Het is doodstil buiten. Ritmisch tikken kleine regendruppels op het grote schuifdeurraam dat uitzicht geeft op het inimini stukje aarde dat mij toegang geeft tot het mysterie der natuur. Halsreikend laten bloemen en planten zich deze douche van regen welgevallen en krijgen zienderogen hun kleur en gestalte terug. Want het is lang droog geweest en ze waren blij met een gietertje water maar het liefst hebben ze toch gewoon de zegen van een verkoelende wolk. 

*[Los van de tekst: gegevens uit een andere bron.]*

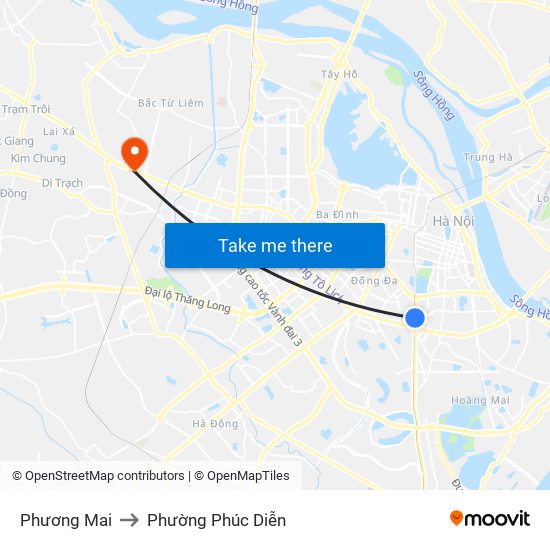 Phương Mai to Phường Phúc Diễn map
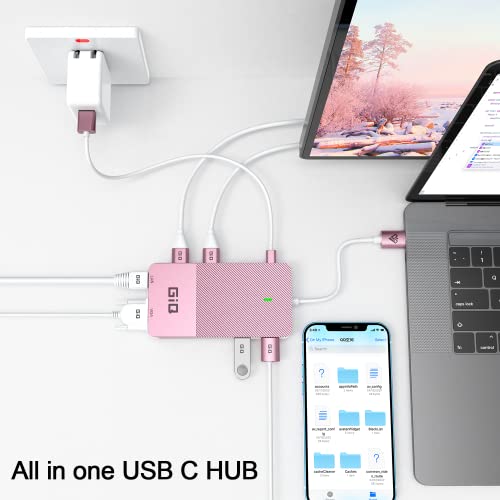 USB Docking Station GIQ USB C HUB USB 3.0 to Dual HDMI VGA Adapter Triple Display USB C Laptop Docking Station Dual Monitor HDMI Splitter Extender Compatible with MacBook M1 M2 M3 M4 M5 USB Dock - color: Pink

Een duif klieft door de grijs getinte lucht. Aan haar snelheid en volle bekje lees ik de intentie af waarmee zij naar het nest vliegt waar ongetwijfeld een aantal open bekjes op haar wachten. Of misschien wel op hem want het zou ook best een papaduif kunnen zijn. Het zal die kleintjes een worm wezen van wie ze die krijgen en mij eigenlijk ook niet. Enkele voorbij rijdende auto’s wekken mijn irritatie. Het is niet eens zozeer het geluid dat me stoort. Het is het tarten van het ritme van de regen waardoor mijn natuurlijk harmonisch evenwicht wordt verstoord en mijn gevoel wordt getriggerd te willen vluchten. Gelijk daarop volgt dan altijd dezelfde vraag ‘ja maar waar dan naar toe?’ waarop het antwoord uitblijft en mijn verlangen naar een glas wijn de kop op steekt. Uitgesloten dat ik daar aan toegeef want ik heb geen wijn in huis en het is geen noodzaak om me er zeiknat voor te laten regenen. Alhoewel. Een beetje beweging zou me geen kwaad doen.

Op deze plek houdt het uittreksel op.